Gone Bitch: A Parody of Gone Girl

Gone Bitch: Part 1 – Chapter 2



Tra and la! I met a boy! Well, I mean, I always meet boys, because I’m hot. But this is a boy that I can tell my friends about and make them feel jealous! So maybe I should start again:

Tra and la! I met a boy-I-can-tell-my-friends-about-and-make-them-feel-jealous!

Let me set the scene. My friend Carmen (by “friend” I mean a hot girl I met two weeks ago and haven’t yet known long enough for us to start hating each other) invited me to her friend’s party (probably because she didn’t want to look bad by going alone). Her friend is a writer, and Carmen told me there were going to be a lot of writer guys there. Immediately my expectations for the party dropped through the floor. “Writer” = low non-steady income (if any), embarrassingly futile attempts to be fashionable by wearing a blazer with a T-shirt, and in general not someone I want to be associated with, because my association with them has no potential to make my friends jealous.

I know what you’re thinking: “But Amy, aren’t you a writer?” Yes, I am. A working writer. I write for the Yelp Elite Squad. Try asking those writer guys who they’re writing for. Hope you like staring at a blazer and T-shirt in silence.

Carmen and I headed to the apartment in Chelsea, and before we even walked in the door I could tell it was gonna be one of those parties where no guy is on my level. Absolutely no potential date material here. I don’t even have to look inside to know this, or talk to a single person. I just know. It’s a special talent we hot girls have.

Speaking of hot girl talents, another talent we have is shutting down guys before they even start talking to us. Hey guys, you ever notice that the moment you start thinking about approaching a hot girl at a party, she walks away or hugs another guy or gets on the phone? Not an accident. Next time don’t even think about it and save us both some time.

Unfortunately there are still a few loopholes in this preemptive shut down method, one of them being if you don’t even know the guy is there. And that’s how I fail to preemptively shut down Nick. I’m standing by myself at the food tray because I’m hungry (and I’m also pretending to text so it doesn’t look like I’m standing alone). Suddenly I hear a guy behind me say:

“Back away from that tray, ma’am. Do not take a step closer.”

Ha ha ha, what a funny writer you are. Back away from me and do not take a step closer. I look around to find a gay guy I can hug, and I catch a glimpse of the person who’d spoken to me.

Omigod. He’s cute enough to make my friends jealous! But hold on, is he a loser? I allow myself five seconds to talk to him so I can judge this.

“But if I don’t eat this, what else is there?” I say.

“I can make you an olive with mustard,” he says. “But just one olive.”

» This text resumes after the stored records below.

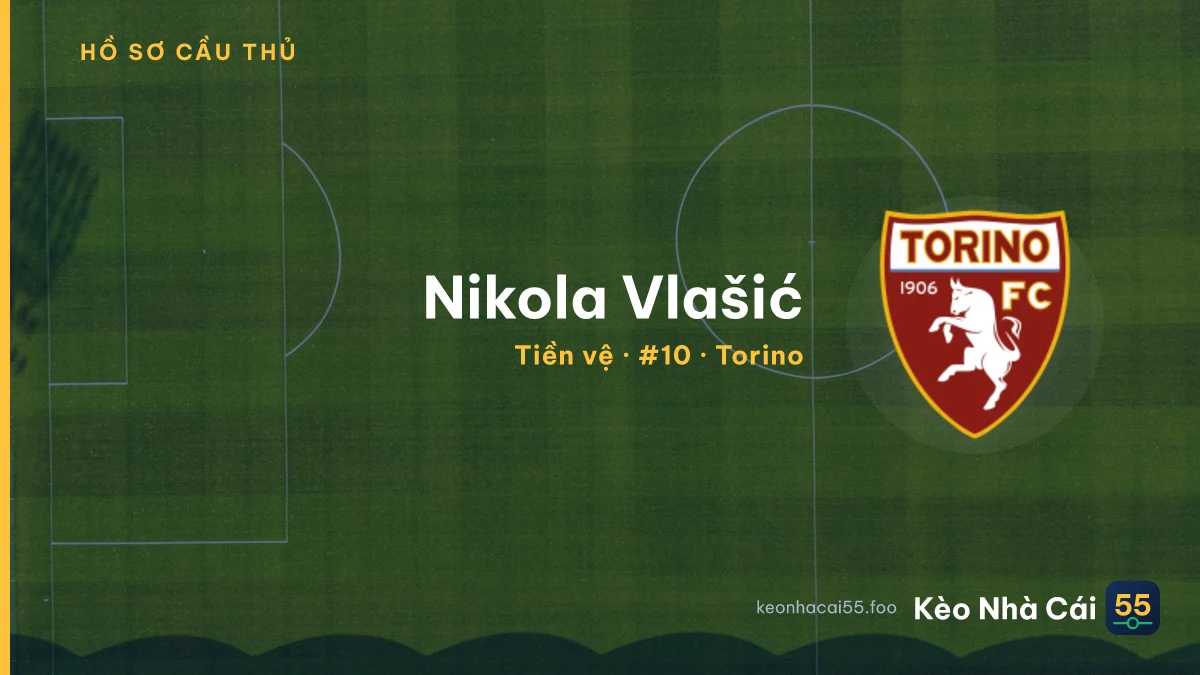 Nikola Vlašić — Torino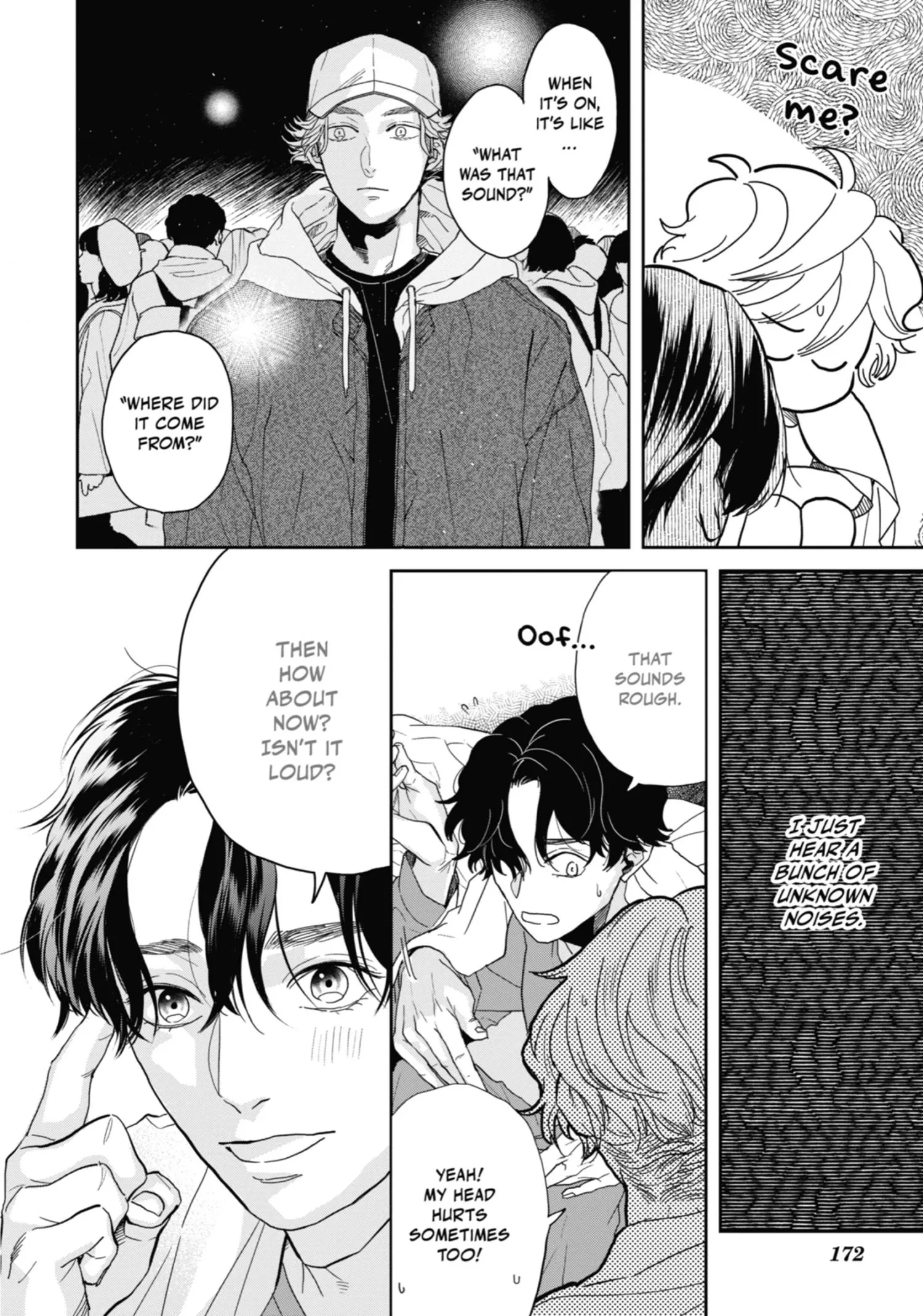 Chameleon wa Tenohira ni Koi wo Suru - Chapter 10 Page 171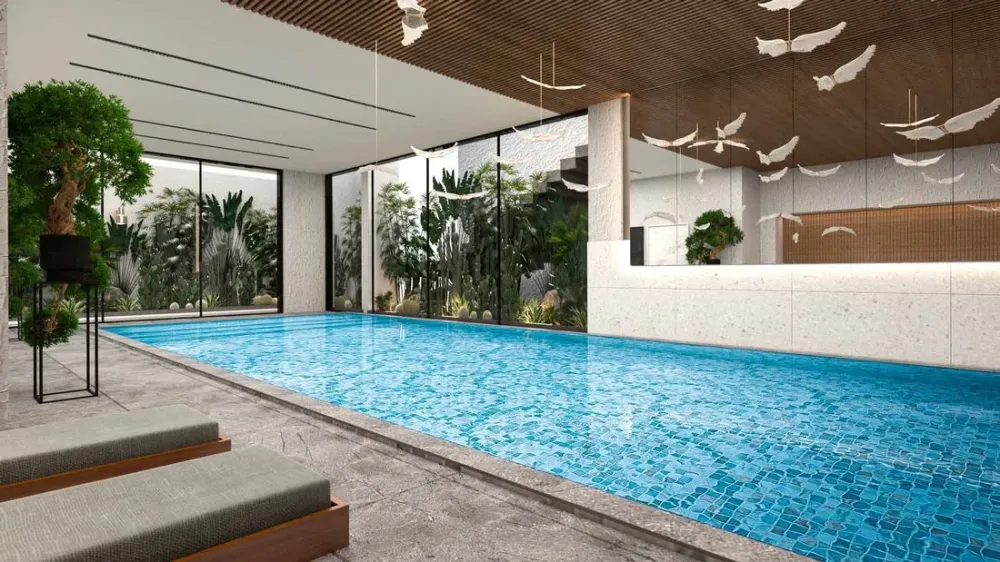 Будинок за кордоном 63 кв.м 1 кімн. 3-й поверх м. Фамагуста, {geo.country} на Татлысу Фамагуста - фото 9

Omg he insulted me! He must not be a loser, because loser guys (i.e. 99.99% of them) don’t insult me!

Omg omg omg! I met a cute guy who insulted me!

Nick and I start talking, but in my head I’m focused on the calculation all hot girls face when they meet a guy: what’s the farthest I need to go with this guy to maximize my friends’ jealousy while avoiding my friends’ criticism that I “went too far”? Make out? Bj? Further?

My initial calculation is that we’re at least gonna kiss, so I leave the party with him. As we’re walking down 6th Ave., I see a sugar delivery truck, and I steer Nick over to it because I know we can have a romantic moment where there’s sugar flying through the air and we kiss through the cloud of sugar and then I can tell my friends about it and make them feel bad that they didn’t have such a romantic moment.

When we get to Nick’s place, I finally make my decision: I’ll sleep with him because I see him as long-term material. That is, someone who can make my friends jealous in the long term.

It’s gonna be so fun telling my friends about this over $27 craft cocktails!